The Vikings rank just one spot ahead of the Lions in passing deficiency, averaging only 184 yards per game, but they rank fourth in the league in rushing offense with 143 yards per game. Tennessee, which follows in sixth place in league rushing, chewed up the Lions' defense for 292 rushing yards last week. Adrian Peterson and Chester Taylor ought to be able to approach, if not outright obliterate that figure, today.

Detroit has allowed an incredible 33 points game this season with an average margin of defeat of sixteen points. Only once this season have the Lions finished a game within a field goal of their opponent and only two other times have they finished within a touchdown. They truly are a team of historic ineptitude.

Despite the woes and, more particularly, the margins of defeat that the Lions have suffered in 2008, Childress continues to contend that the Lions are "dangerous" and that the Vikings should expect a close game today because "there are very few blowouts in the NFL."

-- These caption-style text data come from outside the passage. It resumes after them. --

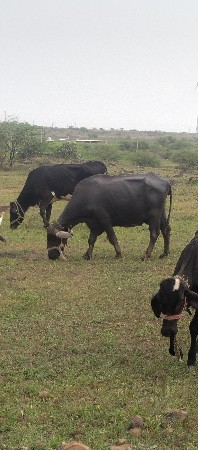 ભેંસ વેચવાની છે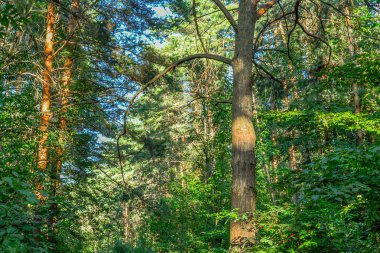 Yoğun orman. Aşılmaz bir çalılık. Arka plan görüntüsü. Rusya. Yaz günü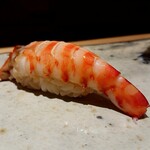 鮨 さいとう - 車海老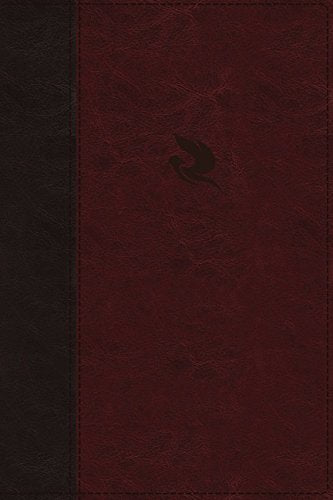 NKJV Spirit-Filled Life Bible, Burgundy, Red Letter Ed. - Re-vived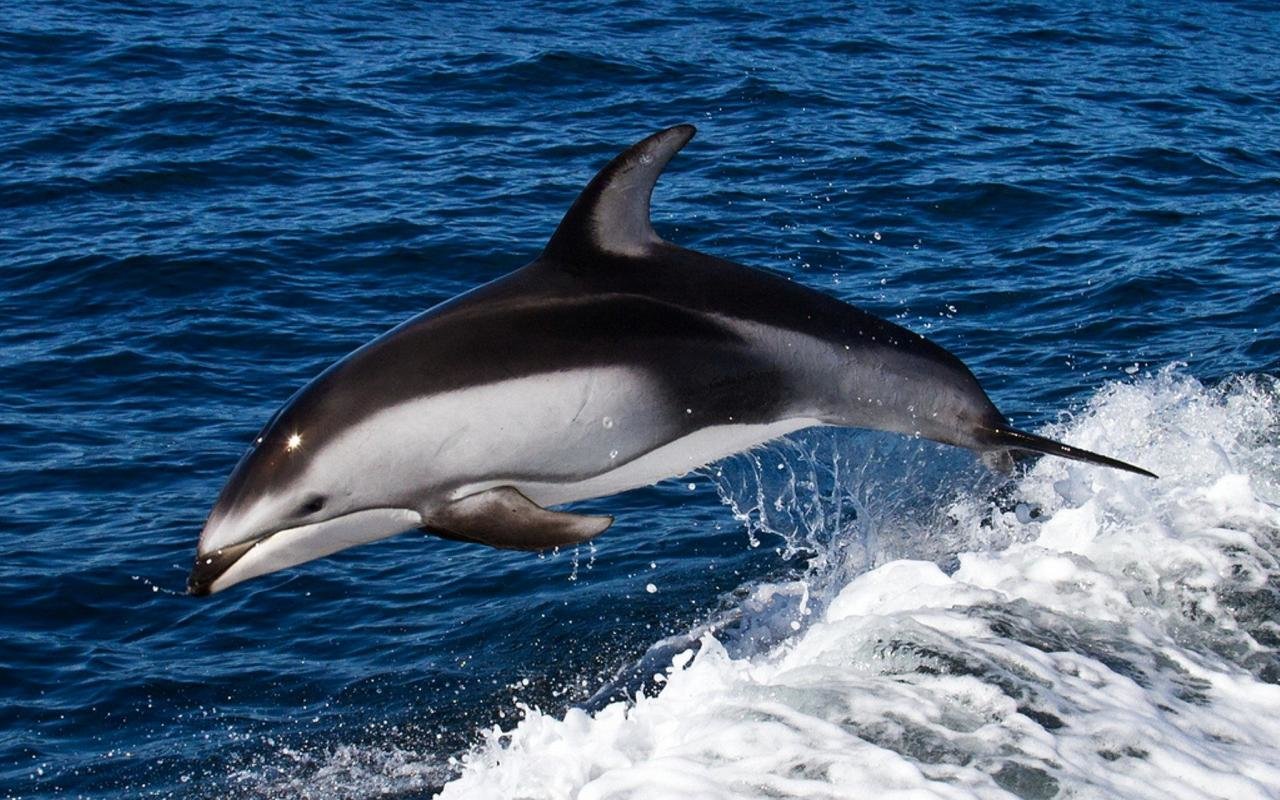 Awesome Dolphin free wallpaper ID:248431 for hd 1280x800 computer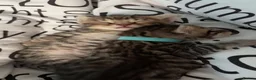 Bengal cats for sale: 🐾 Beautiful Bengal x Maine Coon Kittens 🐾 - Advert 28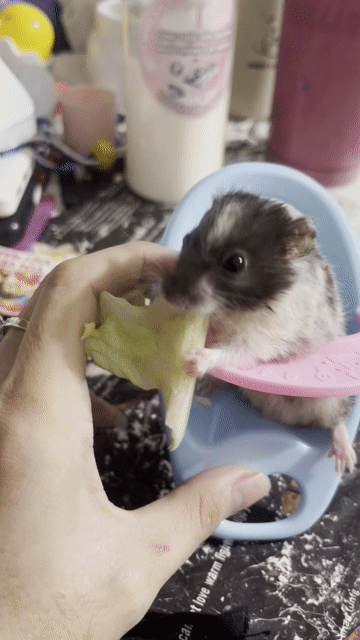 Chuột Hamster Đen trắng. Mua bán Thú cưng khác tại Thành phố Tam Kỳ Quảng Nam được đăng bởi Ng Yến hình 1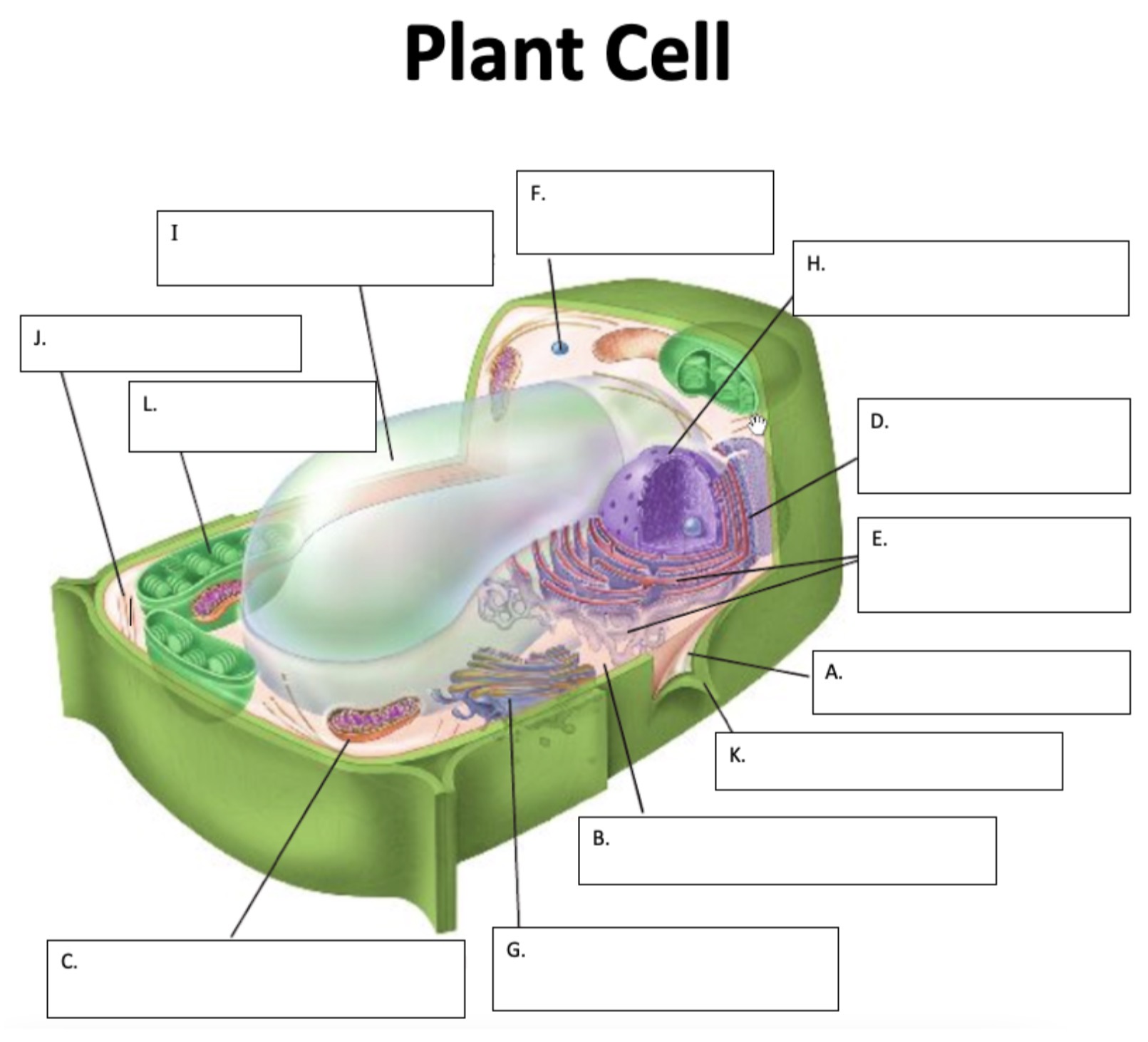 <p>Which plant cell organelle is D?</p>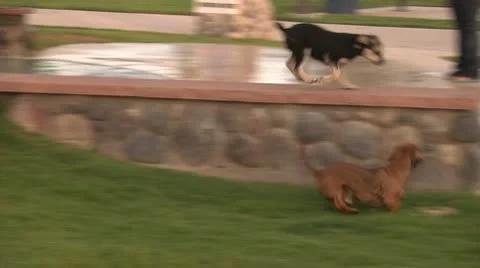 Playful Pups Stock Footage 10591678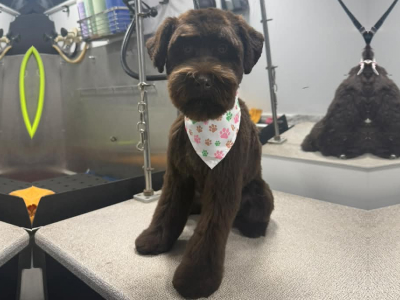 Dog after grooming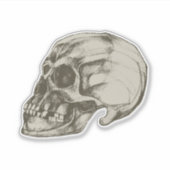 Sticker Séance de crâne pour Halloween (Devant)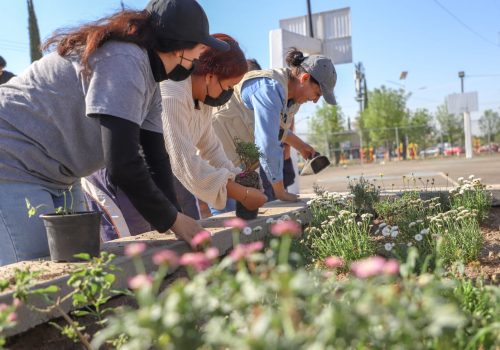 INSTALAN EL PRIMER JARDÍN DE POLINIZADORES Y FARMACIA VIVIENTE EN JESÚS MARÍA
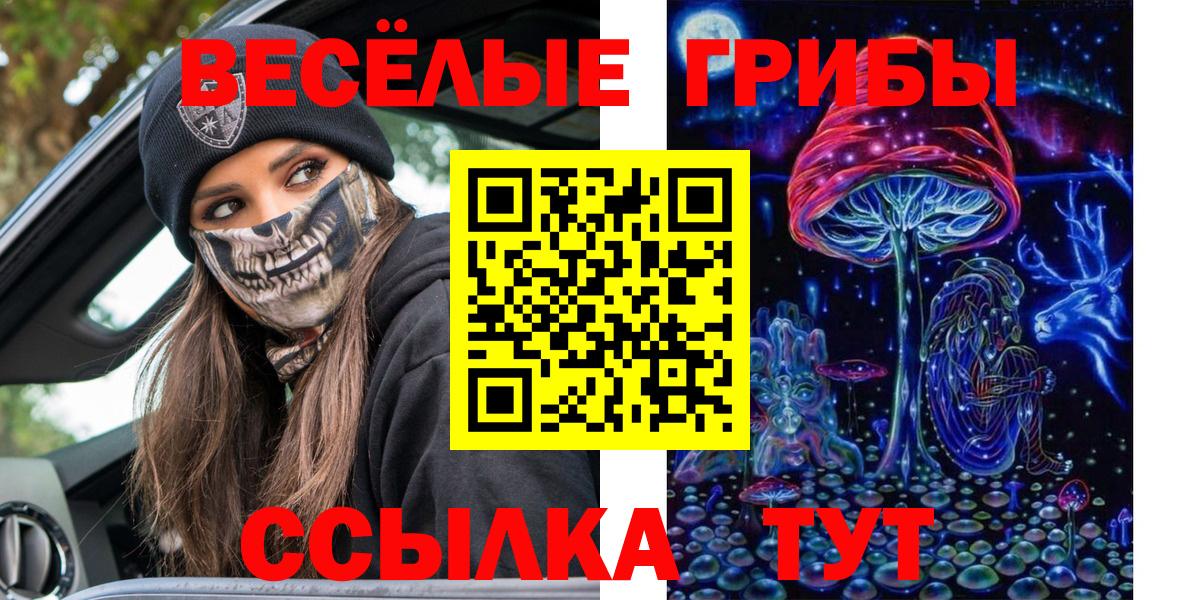 Псилоцибиновые грибы Psilocybe Сосновый Бор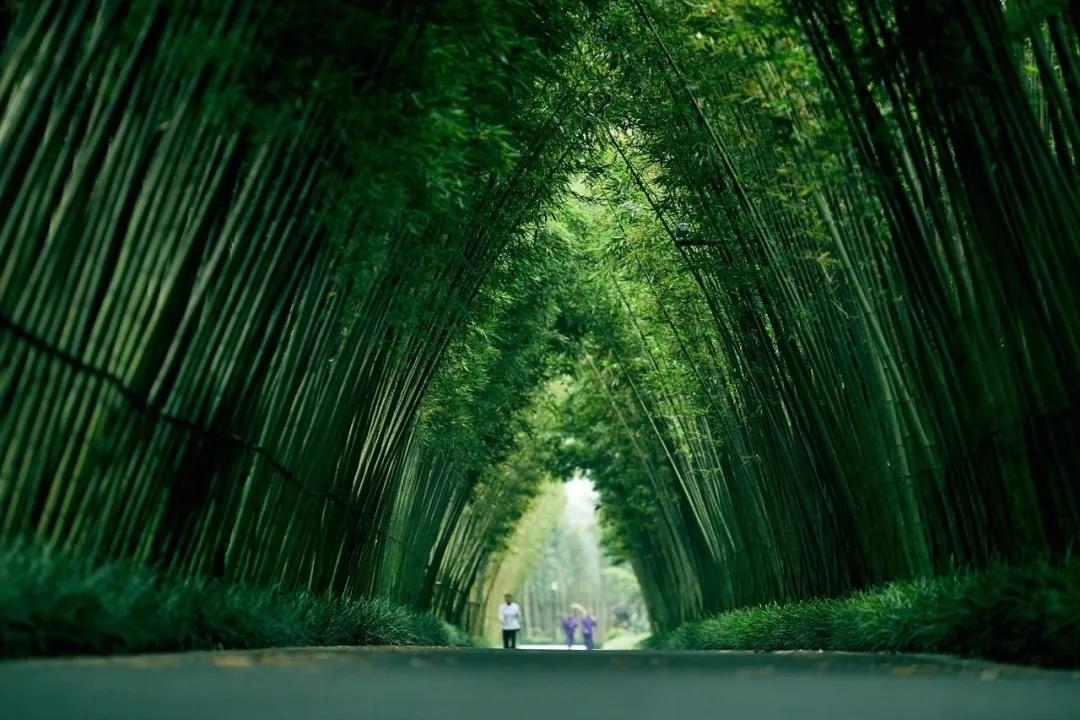 西派金沙潜力,西派金沙最新房价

If one defines a blowout as a two touchdown or greater victory--math surely even supported in Childress' conservative world of statistical analysis--then there are, in fact, numerous blowouts in the NFL. Last week alone, there were nine such scores with six games decided by three touchdowns or more.

We know why Childress continues to contend that "most games in the NFL are close." It is because most of the games that he coaches close and he sees everything through the prism of those games. That's his world. That's his box.

Against the Lions, however, there will be no excuse for losing. And there really won't be any excuse, though we know we would get one anyway (something along the lines of "a win is a win--we'll take 'em any way we can get 'em"), for the Vikings to fail to run up the score on the Lions. It is, after all, the default this year in the NFL.

In spite of Childress' pulling of the reins, the Vikings should roll and roll big.

Up Next: More on the Williams' Legal Issues. Plus, post-game.

1 comment:

OneFourFive said...

Nostra-effing-damus dude.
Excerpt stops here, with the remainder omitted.